On the other hand, we do not do that for vfork(2). So yes, the minimal
We also do not do that for rfork(2). I think we should, but I have not
done any research into it.

Eric
Konstantin Belousov
2018-08-24 19:23:15 UTC
Permalink
Post by Eric van Gyzen
Post by Konstantin Belousov
Since then, we started locking most of that locks in parent around fork(2),
all the code in lib/libthr/thread/thr_fork.c. In particular, we lock rtld,
malloc, and disable cancellation around fork. So if your program used fork(2)
but ended with the broken rtld it is worrying.
On the other hand, we do not do that for vfork(2). So yes, the minimal
We also do not do that for rfork(2). I think we should, but I have not
done any research into it.
I do not see how would it be correct to do that locking for vfork(2) because
the address space is shared between parent and child. For the similar reason,
sometimes rfork(2) also leaves the address space shared and then we have
the problem.

In essence, rfork(2) and vfork(2) do not mix with pthreads, and if you do,
you should know well what you do.
Eric van Gyzen
2018-08-24 19:38:46 UTC
Permalink
Post by Konstantin Belousov
Post by Eric van Gyzen
Post by Konstantin Belousov
Since then, we started locking most of that locks in parent around fork(2),
all the code in lib/libthr/thread/thr_fork.c.

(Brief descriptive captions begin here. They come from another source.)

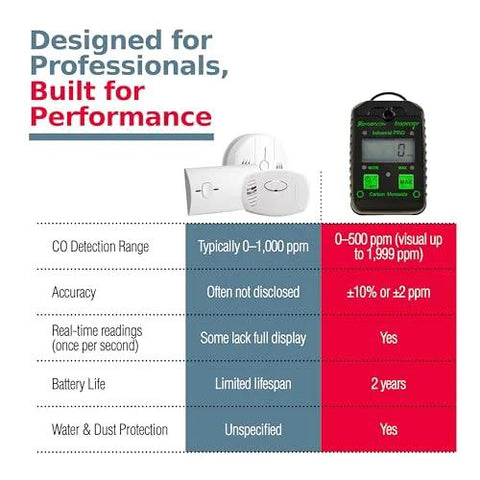 Sensorcon Inspector Industrial Pro CO detector front view: black handheld unit and white accessory
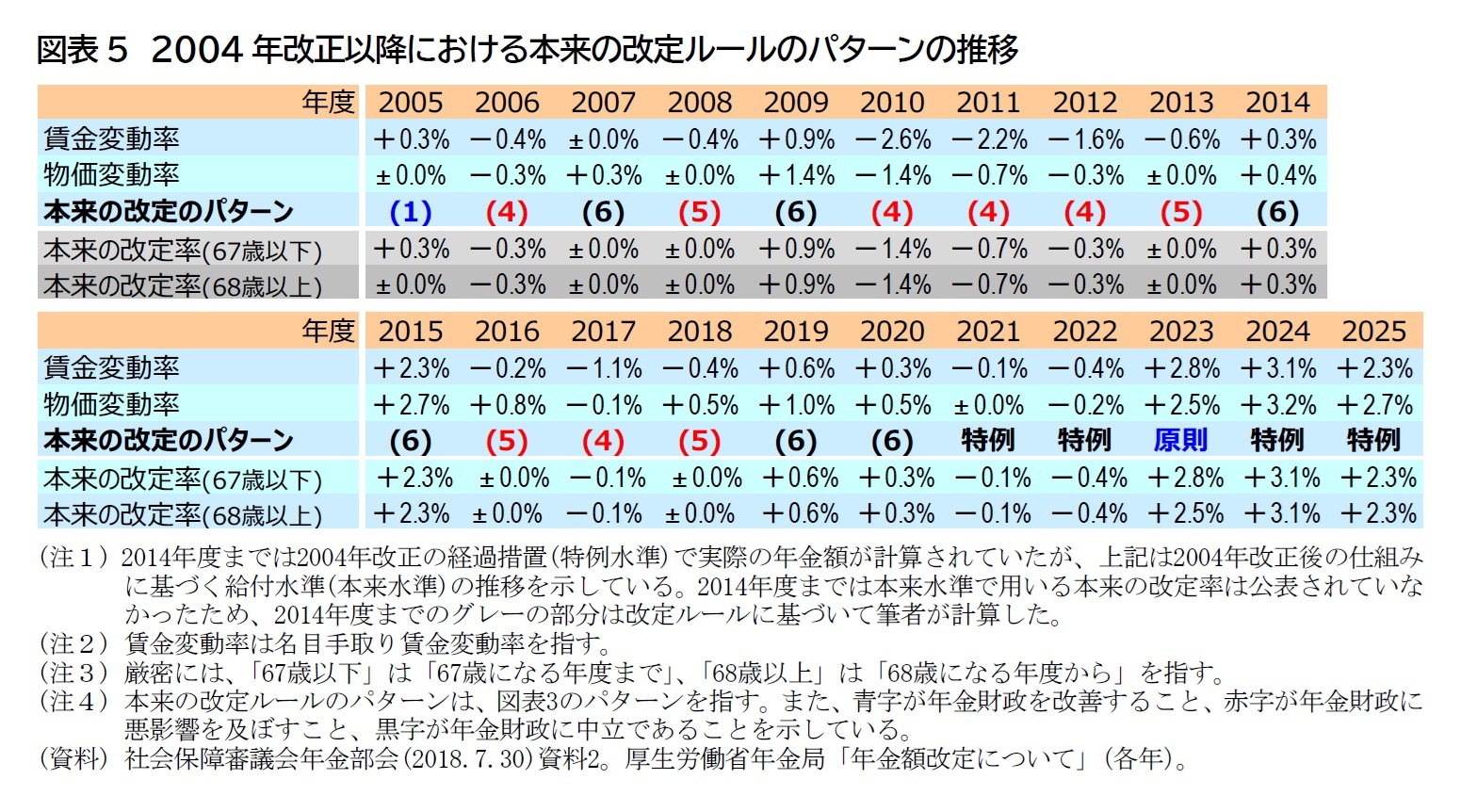 図表5　2004年改正以降における本来の改定ルールのパターンの推移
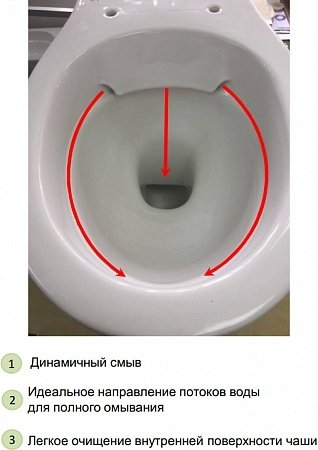 Унитаз Jacob Delafon  Patio E21740RU-00 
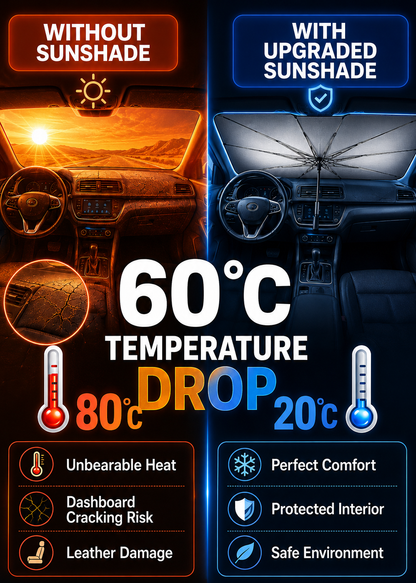 upsell🔥 2026 Upgraded Car Windshield Sun Shade Umbrella (Copy)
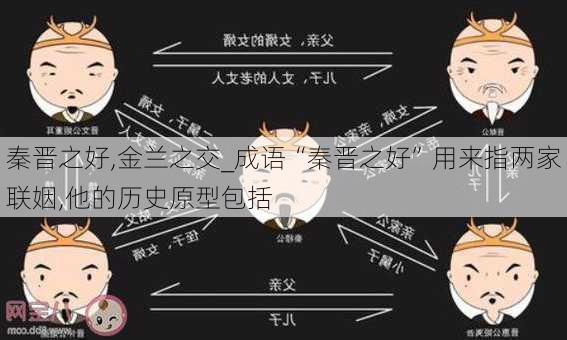 秦晋之好,金兰之交_成语“秦晋之好”用来指两家联姻,他的历史原型包括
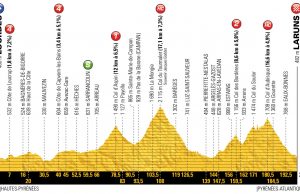 profil 19. etapu Tour de France 2018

In particular, we lock rtld,
malloc, and disable cancellation around fork. So if your program used fork(2)
but ended with the broken rtld it is worrying.
On the other hand, we do not do that for vfork(2). So yes, the minimal
We also do not do that for rfork(2). I think we should, but I have not
done any research into it.
I do not see how would it be correct to do that locking for vfork(2) because
the address space is shared between parent and child. For the similar reason,
sometimes rfork(2) also leaves the address space shared and then we have
the problem.
I wasn't suggesting that we do it for vfork(2). I was only suggesting
that we do it for rfork(2), and obviously only if !RFMEM (and certain
other flag conditions).

Eric
Gleb Popov
2018-10-03 12:18:12 UTC
Permalink
I failed to extract a reproducing testcase from that test. The extracted
code works fine, so either I missed something, or some hidden conditions
must be fulfilled for the bug to appear.

Maybe I can try to dive into libc myself? Can you give me some guidance? Or
maybe you just build kdevelop yourself? It is a matter of handful of
commands.
Konstantin Belousov
2018-10-03 21:34:08 UTC
Permalink
Post by Gleb Popov
I failed to extract a reproducing testcase from that test. The extracted
code works fine, so either I missed something, or some hidden conditions
must be fulfilled for the bug to appear.
Maybe I can try to dive into libc myself? Can you give me some guidance? Or
maybe you just build kdevelop yourself? It is a matter of handful of
commands.
Can you provide me the minimal self-contained set of binaries and shared
libraries and the instruction to reproduce the issue ?
Konstantin Belousov
2018-10-04 08:21:37 UTC
Permalink
Post by Konstantin Belousov
Post by Gleb Popov
I failed to extract a reproducing testcase from that test. The extracted
code works fine, so either I missed something, or some hidden conditions
must be fulfilled for the bug to appear.
Maybe I can try to dive into libc myself? Can you give me some guidance?
Or
Post by Gleb Popov
maybe you just build kdevelop yourself? It is a matter of handful of
commands.
Can you provide me the minimal self-contained set of binaries and shared
libraries and the instruction to reproduce the issue ?
Pull in all needed depndencies
# pkg install kdevelop gmake cmake git
Get KDevelop sources
# git clone git://anongit.kde.org/kdevelop.git
# Build the test executable
# mkdir kdevelop/build
# cd kdevelop/build
# cmake ..
# gmake -j4 test_qthelpplugin
Run the test executable and see that it hangs
# ./plugins/qthelp/tests/test_qthelpplugin testDefaultValue
This is exactly the opposite of 'minimal'. Provide me the tarball which
have just the binary and non-base shared libs needed to reproduce.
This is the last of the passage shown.